Initial MCTP design proposal
Jeremy Kerr
jk at ozlabs.org
Fri Dec 7 13:41:08 AEDT 2018
Hi OpenBMCers!
In an earlier thread, I promised to sketch out a design for a MCTP
implementation in OpenBMC, and I've included it below.
This is roughly in the OpenBMC design document format (thanks for the
reminder Andrew), but I've sent it to the list for initial review before
proposing to gerrit - mainly because there were a lot of folks who
expressed interest on the list. I suggest we move to gerrit once we get
specific feedback coming in. Let me know if you have general comments
whenever you like though.
In parallel, I've been developing a prototype for the MCTP library
mentioned below, including a serial transport binding. I'll push to
github soon and post a link, once I have it in a
slightly-more-consumable form.
Cheers,
Jeremy
--------------------------------------------------------
# Host/BMC communication channel: MCTP & PLDM
Author: Jeremy Kerr <jk at ozlabs.org> <jk>
## Problem Description
Currently, we have a few different methods of communication between host
and BMC. This is primarily IPMI-based, but also includes a few
hardware-specific side-channels, like hiomap. On OpenPOWER hardware at
least, we've definitely started to hit some of the limitations of IPMI
(for example, we have need for >255 sensors), as well as the hardware
channels that IPMI typically uses.
This design aims to use the Management Component Transport Protocol
(MCTP) to provide a common transport layer over the multiple channels
that OpenBMC platforms provide.
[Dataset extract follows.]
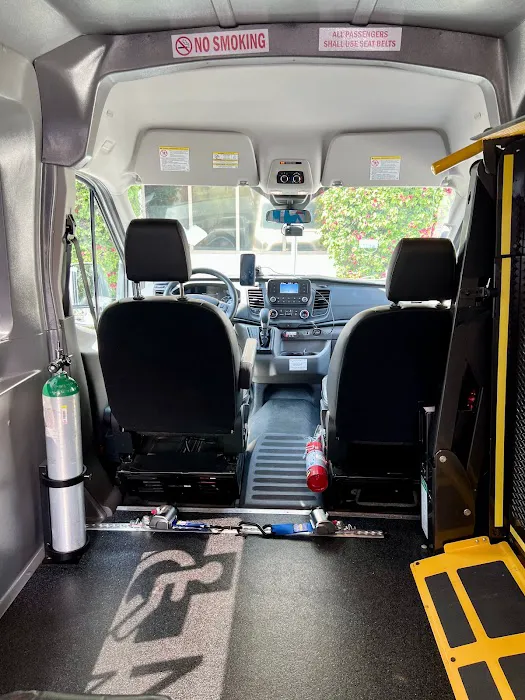 MedQuest Medical Transport Picture 6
Then, on top of MCTP, we have the
opportunity to move to newer host/BMC messaging protocols to overcome
some of the limitations we've encountered with IPMI.
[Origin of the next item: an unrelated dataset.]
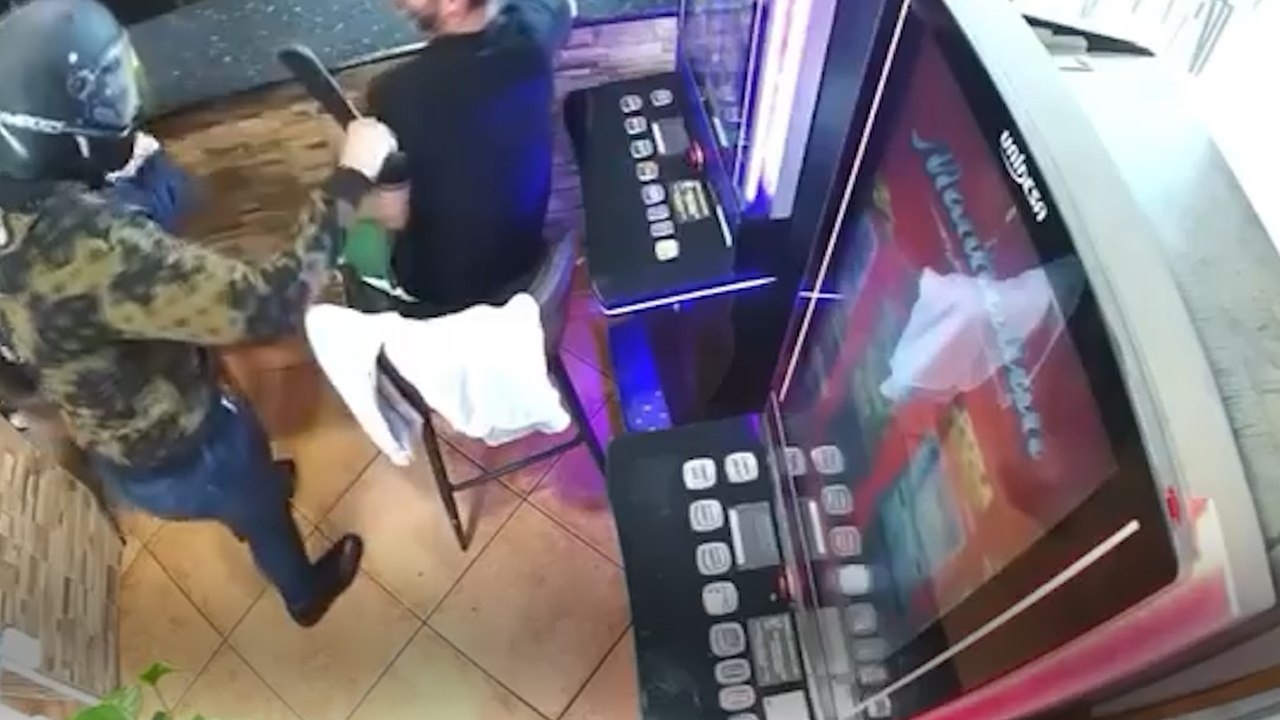 Un atraco con machete en Mijas termina frustrado entre risas y bromas al atracador en un bar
## Background and References
Separating the "transport" and "messaging protocol" parts of the current
stack allows us to design these parts separately. Currently, IPMI
defines both of these; we currently have BT and KCS (both defined as
part of the IPMI 2.0 standard) as the transports, and IPMI itself as the
messaging protocol.
Some efforts of improving the hardware transport mechanism of IPMI have
been attempted, but not in a cross-implementation manner so far. This
does not address some of the limitations of the IPMI data model.
MCTP defines a standard transport protocol, plus a number of separate
hardware bindings for the actual transport of MCTP packets. These are
defined by the DMTF's Platform Management Working group; standards are
available at:
https://www.dmtf.org/standards/pmci
I have included a small diagram of how these standards may fit together
in an OpenBMC system. The DSP numbers there are references to DMTF
standards.
One of the key concepts here is that separation of transport protocol
from the hardware bindings; this means that an MCTP "stack" may be using
either a I2C, PCI, Serial or custom hardware channel, without the higher
layers of that stack needing to be aware of the hardware implementation.
These higher levels only need to be aware that they are communicating
with a certain entity, defined by an Entity ID (MCTP EID).
I've mainly focussed on the "transport" part of the design here. While
this does enable new messaging protocols (mainly PLDM), I haven't
covered that much; we will propose those details for a separate design
effort.
As part of the design, I have referred to MCTP "messages" and "packets";
this is intentional, to match the definitions in the MCTP standard. MCTP
messages are the higher-level data transferred between MCTP endpoints,
which packets are typically smaller, and are what is sent over the
hardware. Messages that are larger than the hardware MTU are split into
individual packets by the transmit implementation, and reassembled at
the receive implementation.
A final important point is that this design is for the host <--> BMC
channel *only*. Even if we do replace IPMI for the host interface, we
will certainly need an IPMI interface available for external system
management.
## Requirements
Any channel between host and BMC should:
- Have a simple serialisation and deserialisation format, to enable
implementations in host firmware, which have widely varying runtime
capabilities
- Allow different hardware channels, as we have a wide variety of
target platforms for OpenBMC
- Be usable over simple hardware implementations, but have a facility
for higher bandwidth messaging on platforms that require it.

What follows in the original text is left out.